Question about dynamic IPv6-PTR-Generation

Woodworth, John R John.Woodworth at CenturyLink.com
Sat Aug 27 20:57:37 UTC 2016


> > Just curious, is there a fundamental reason you have to oppose this
> > beyond simply the scale?
>
> It's a cargo cult style extension of a not particularly useful IPv4
> convention to IPv6.  A much more useful convention that happens to
> be easier to implement is that hosts with static addresses have rDNS
> and hosts without do not.  That would be a lot more useful to
> all involved.

I respectfully disagree.  I, although naturally biased, feel
strongly our I-D is something which should have existed since the
beginning of DNS.  It allows address space to be "tagged" and
organized in a manner that just makes sense.

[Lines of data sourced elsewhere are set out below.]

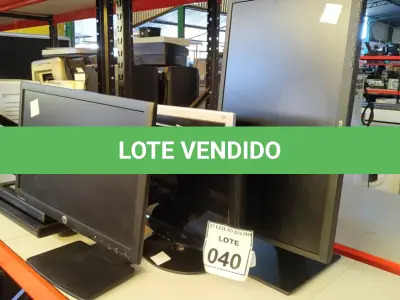 LOTE 040 - 10 MONITORES DE MARCAS E MODELOS DIVERSOS. (NO ESTADO) ATENÇÃO! FAZER A VISITAÇÃO ANTES DE ARREMATAR, NÃO SABEMOS SE FUNCIONA. LEILÃO NÃO TEM GARANTIA E NEM DEVOLUÇÃO, SUJEITO A POSSÍVEIS AVARIAS VISÍVEIS/OCULTAS E/OU AUSÊNCIA DE COMPONENTES.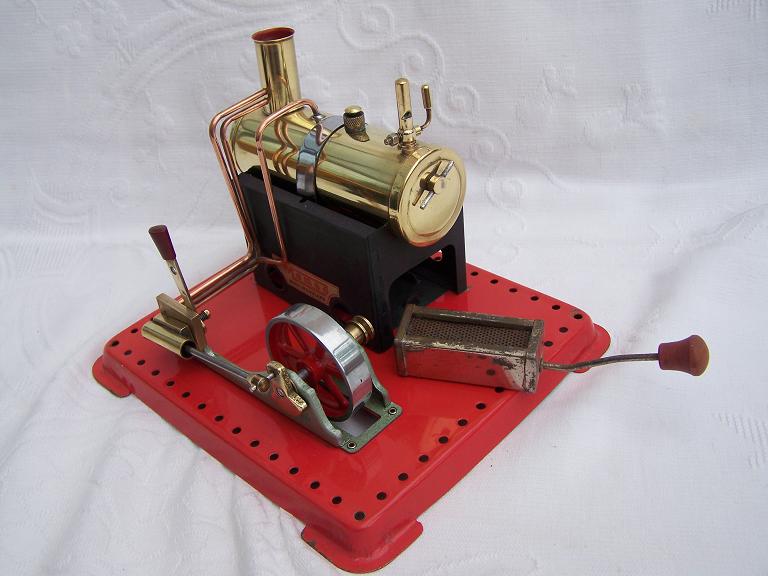 Fire box repainted with very high temperature paint to keep it's good looks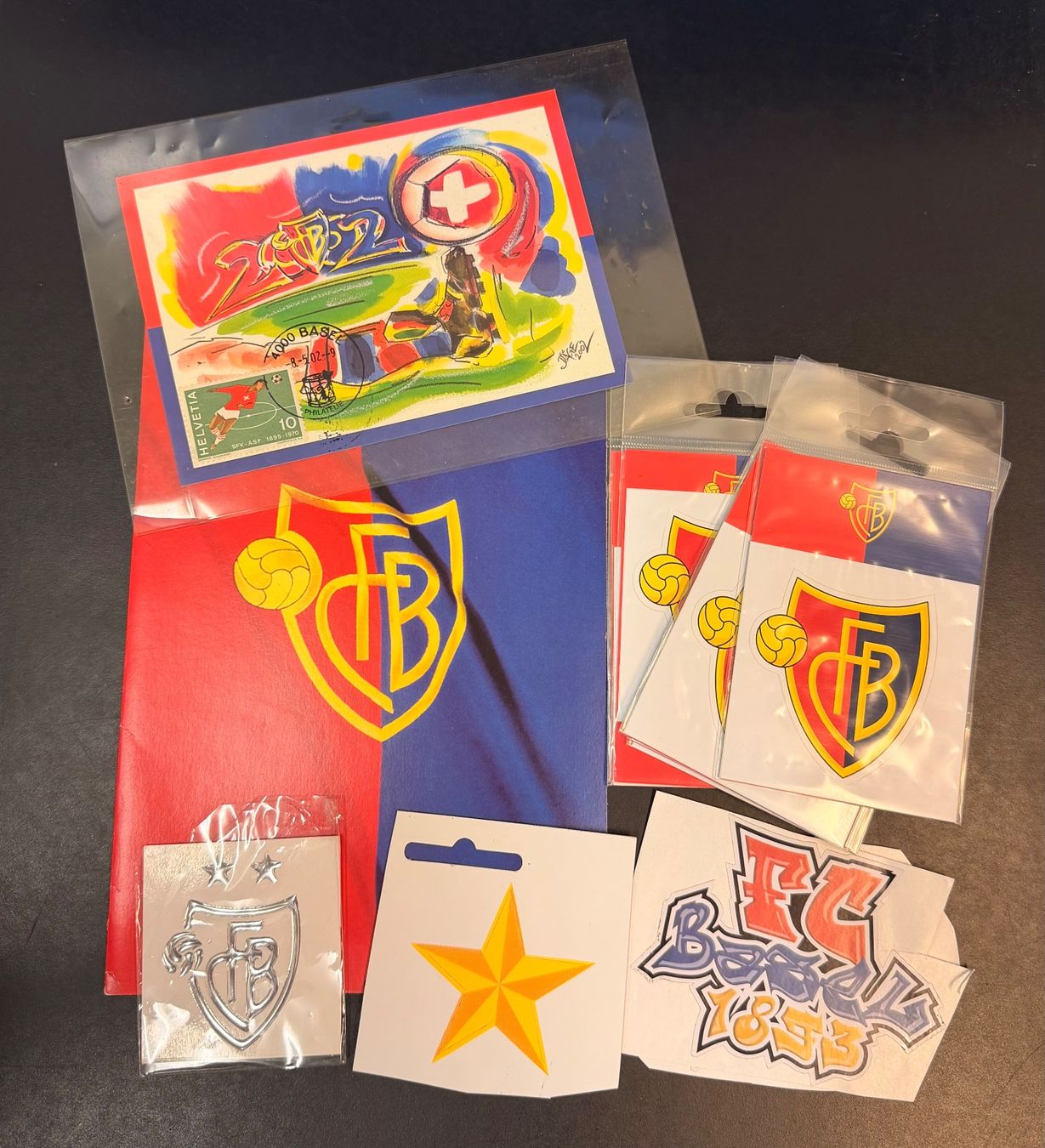 Cartoline: FC Basel Sammlung: Postkarte, Grusskarte, Sticker Bundle – Usato da Münchenstein venduto da tsp01
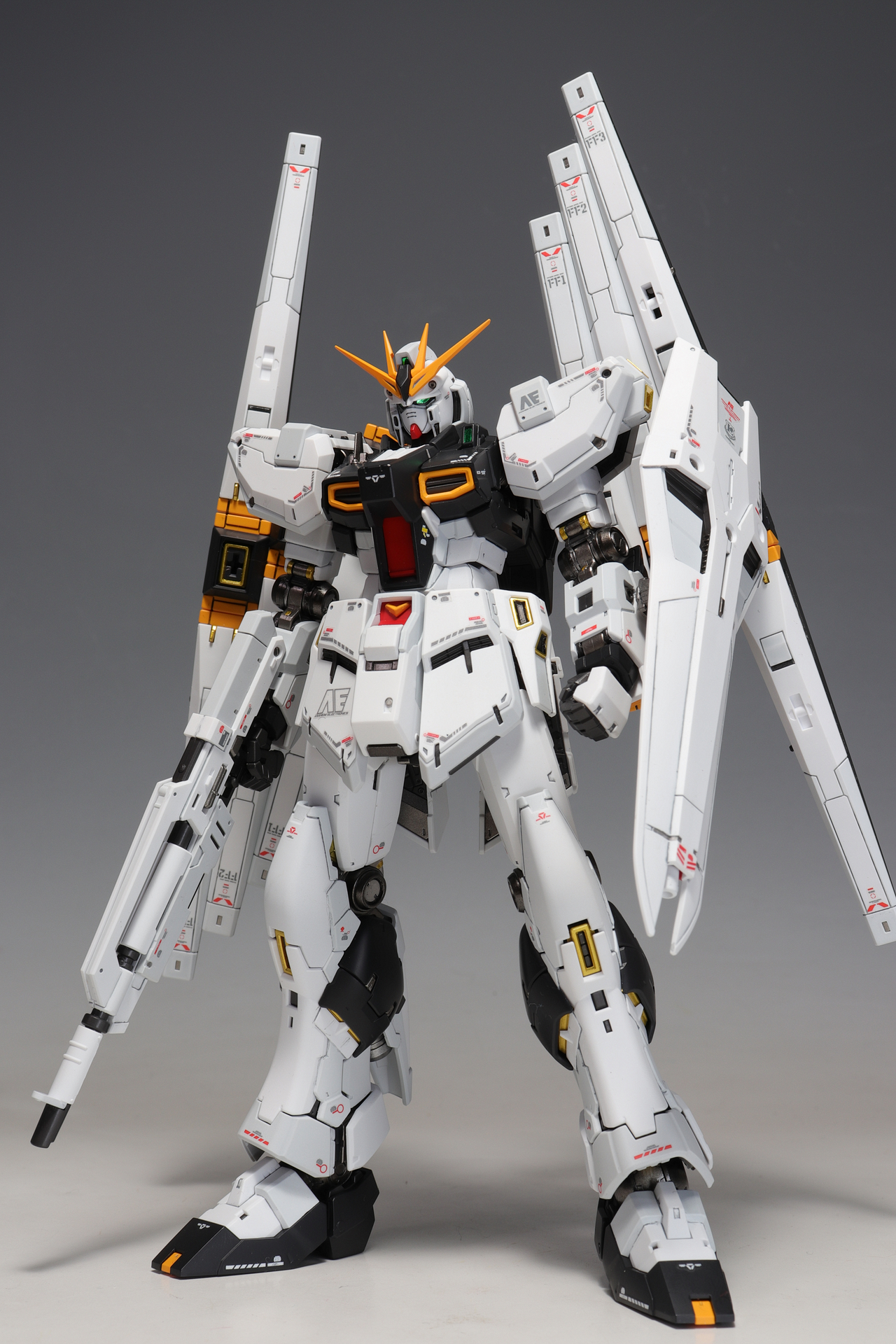 新品未開封 RG 1/144 νガンダム(ダブル・フィン・ファンネル装備型) RG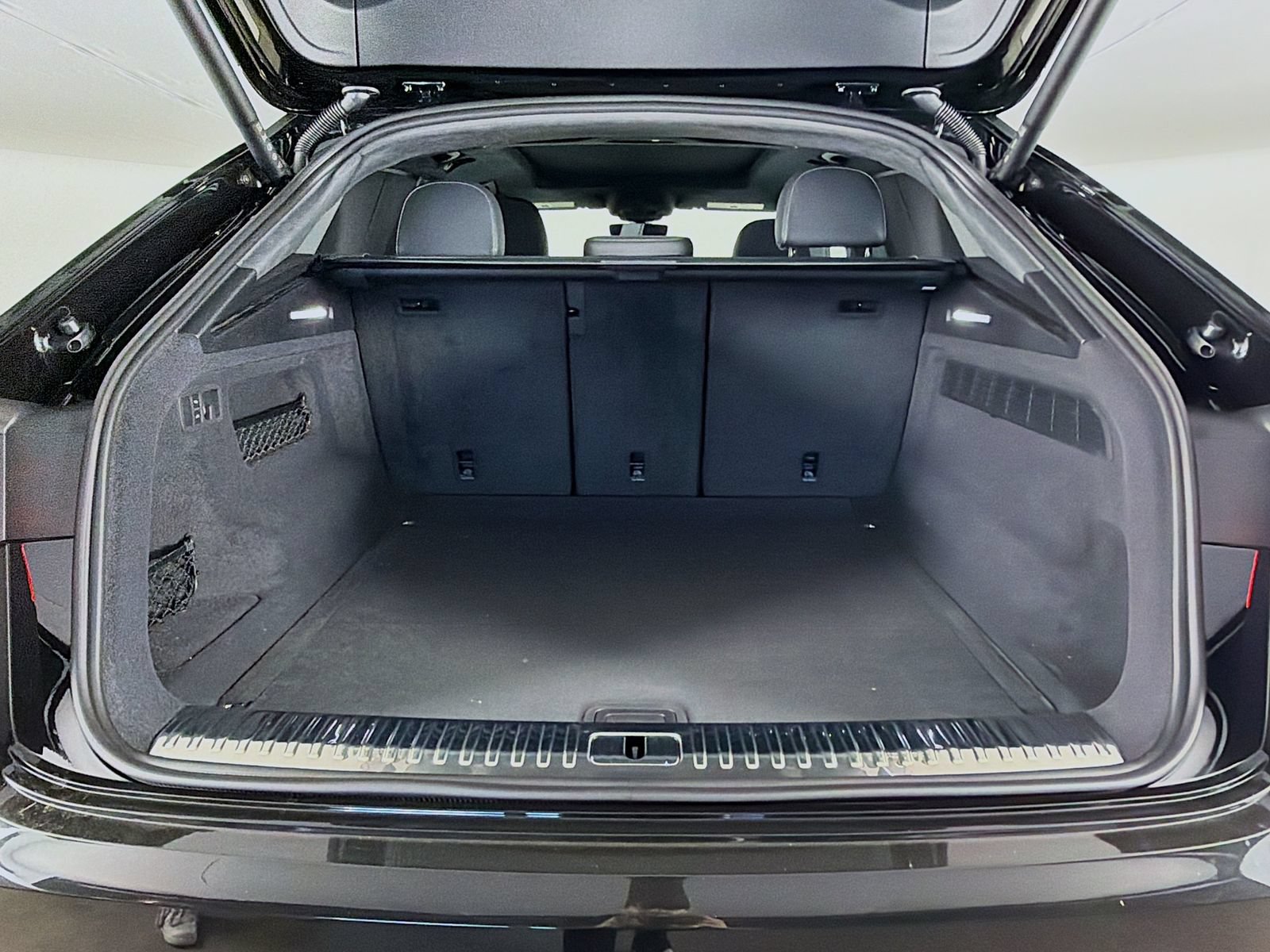 New 2026 Audi Q8 Prestige AWD/4WD image 28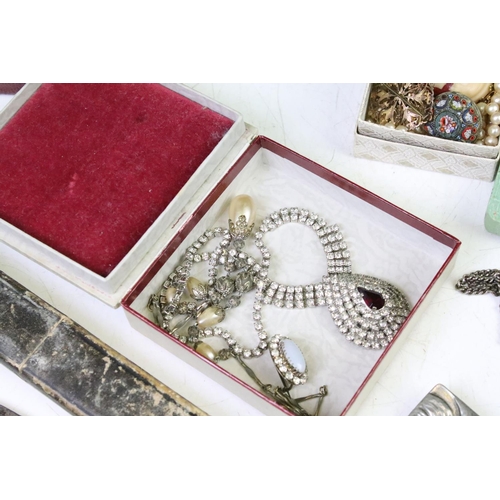 334 - A small collection mainly vintage costume jewellery to include necklaces, brooches...etc.. to includ... 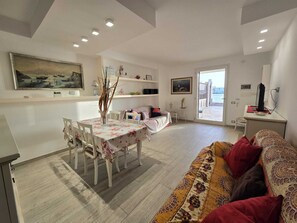 Living area - Corner of paradise 200 m from the sea, breathtaking views and unspoiled nature (Scala di Furno)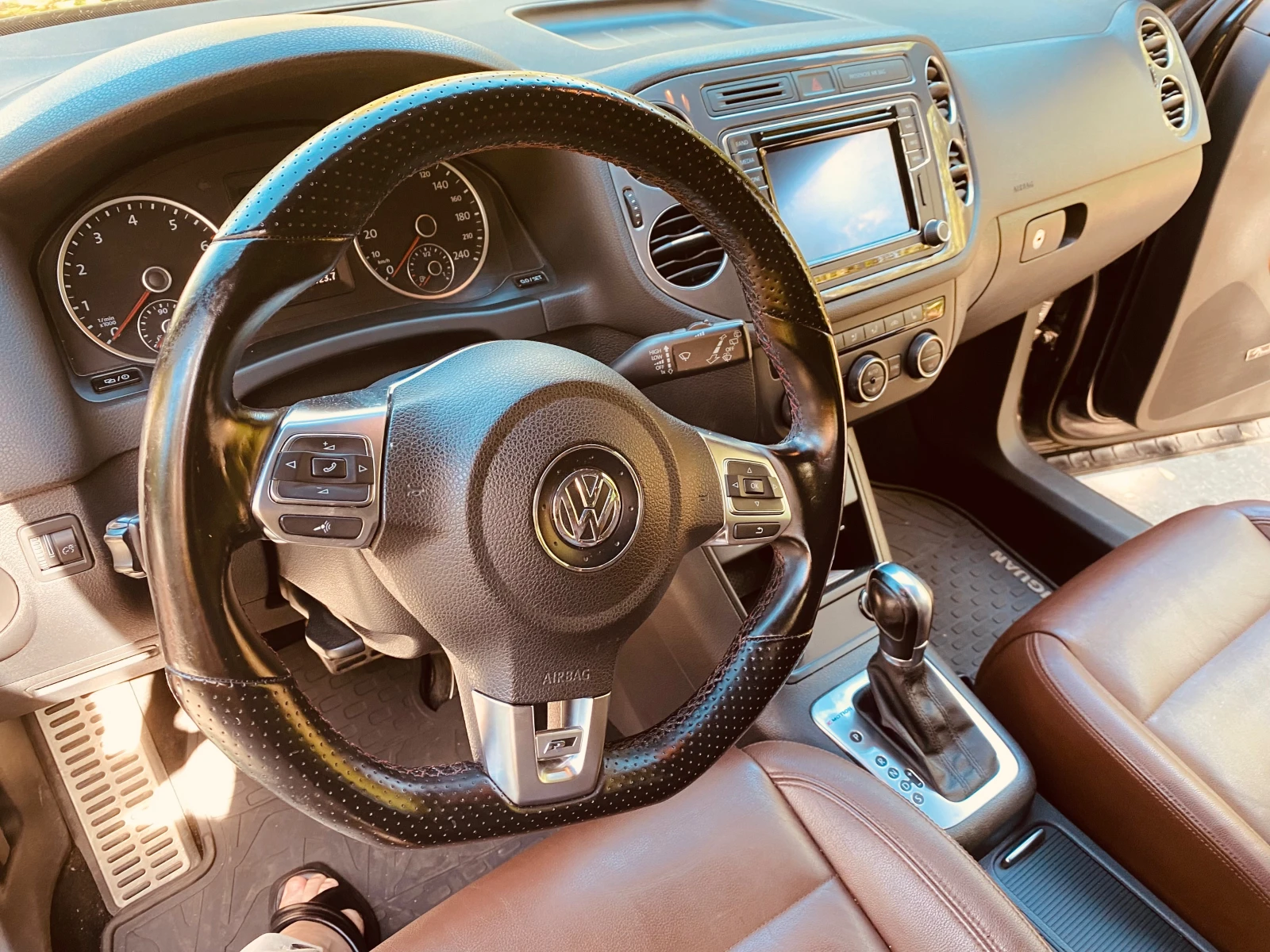 VW Tiguan R-Line - изображение 2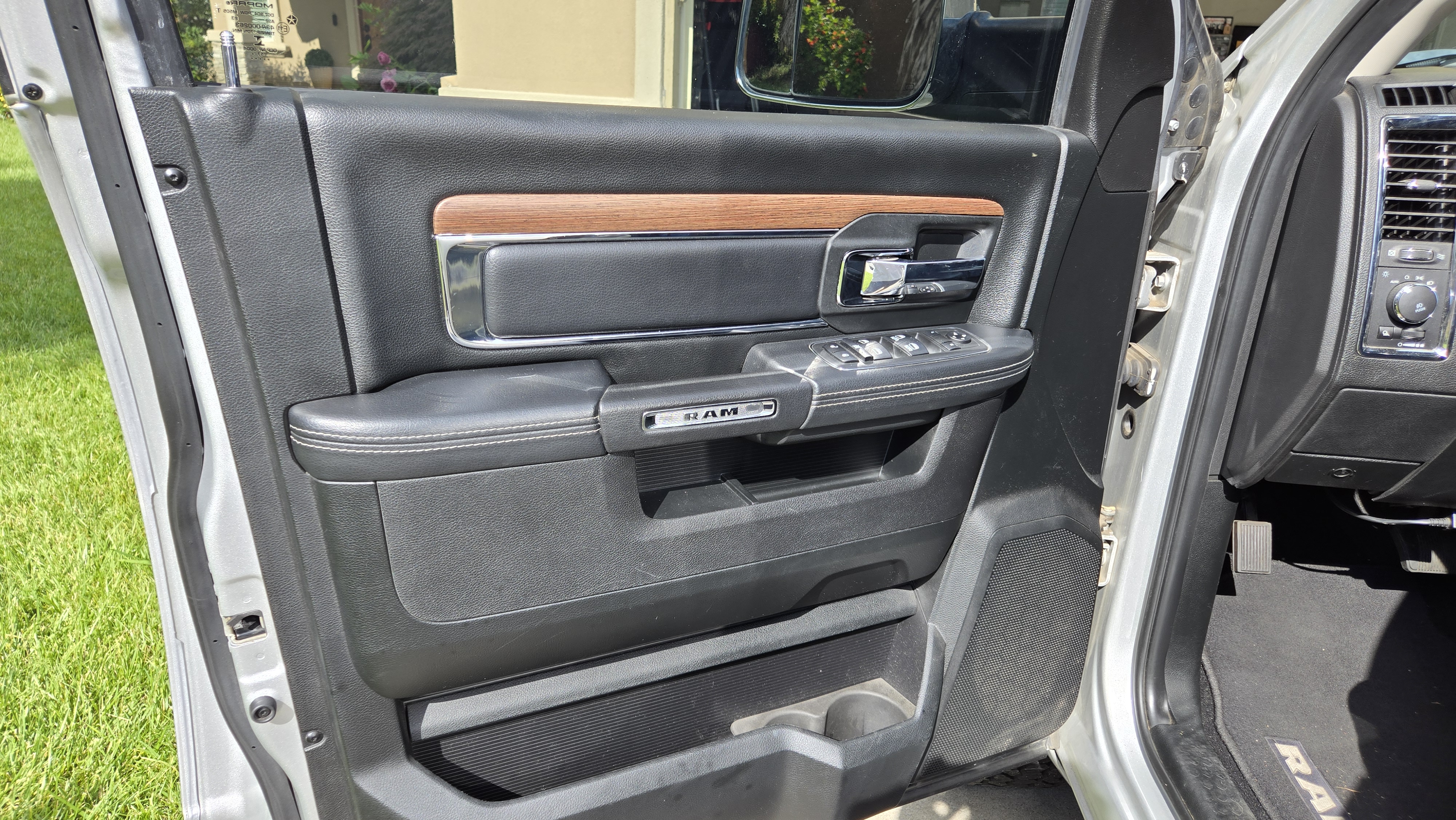 Used 2017 RAM 1500 Laramie w/ Convenience Group AWD/4WD image 17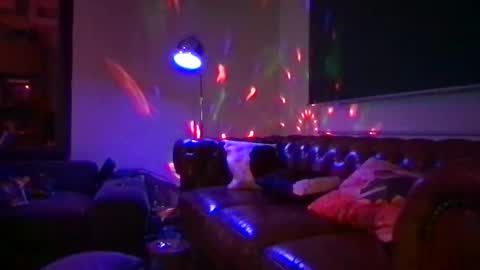 scotibeech online show from November 19, 2:17 pm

Imagine if you will a class-A (borrowing from legacy terminology)
being assigned to ARIN.  This block is "tagged" as ARIN's IP space
in its entirety.  A smaller block gets assigned to ISP-1 and it
gets "tagged" as ISP-1's, again in its entirety.

I understand rwhois exists but it is much more complicated to manage
than DNS and for the most part is only used at the RIR level for
reverse IP namespace.


>
> But again, at M3AAWG, this seems to be a settled topic.  Anyone
> who expects rDNS for dynamic IPv6 addresses is an outlier.
>

Again, although I cannot speak on behalf of M3AAWG I respectfully
disagree with this being a problem only for outliers.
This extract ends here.